See, I don't even know if I would or not, but those kinds of things are interesting to me.

Jessica Craddock: Okay, so we've got NFTs, galleries and maybe courses, classes and licensing. You said earlier that you've kind of learned that there's this whole other side to having an art business, and I

I love to say and will say again if, if you don't want to have an art business, you could still be an artist. That is okay. But in your application you wrote, I wanna have and operate an art empire, so I'm gonna take you out of that category and throw that out the window. That's not a thing. If you want an art empire, it is not just the painting that you love.

So tell me a little bit more about when you said, I've learned I have to make connections. I have to do this, I have to do that. What are the things that you like doing? What gives you the most energy? What? What do you wanna do more of that you have experienced thus far, as far as getting your work out there?

Mindy McClendon: I think interacting with people face to face has been a lot of fun for me, and I get a lot out of that, even if there's not a sale. Mm-hmm. I get a lot out of that, of talking about my work or even talking with an artist about their work. You know, back and forth. and people that are interested in the process of it. That's very rewarding to have it speak to someone in a way that they want to know more about it.

Jessica Craddock: So talking.

Mindy McClendon: Yeah.

Jessica Craddock: Did you ever think that you would like talking to people about your art?

Mindy McClendon: Well, yes, but I've been very scared in the past to do it. I haven't done it enough to where I felt comfortable. I hadn't in the past mm-hmm. And so it was scary because I felt so vulnerable about it, and I was scared to put myself out there.

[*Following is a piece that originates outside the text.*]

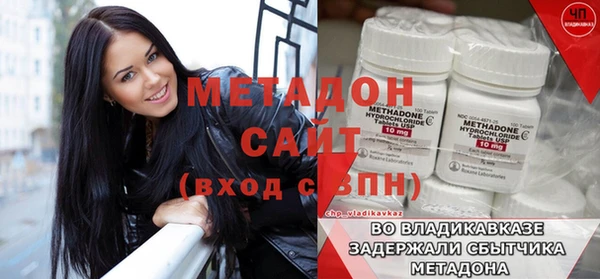 амф Елизово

But now that I'm not so scared about that, it's a lot of fun.

Jessica Craddock: Can we side note here for a second, and I know that a lot, a lot, a lot, a lot of artists feel the same way that you just described that scare, that vulnerable. What did you do to switch that? How did you get over that fear to where it became a thing you just said was your favorite thing to do to market your art as opposed to before.

Mindy McClendon: I just did it. I just did it.

And I'll be honest, I wouldn't have ever done it without your encouragement and without your suggestions because, I feel like just doing it lessened the fear. And the more I did it, the more comfortable I became doing it. And maybe that's why I was so scared to do it because I loved it so much.

Jessica Craddock: Hmm huh. I have this theory and it's proven itself right lots of times. So maybe it's not a theory anymore, but I'm still gonna call it a theory. That the thing you're the most scared to do is the thing that you're going to be the best at and love doing the most. Because I've seen it over and over and over with clients is the thing that they're really scared of.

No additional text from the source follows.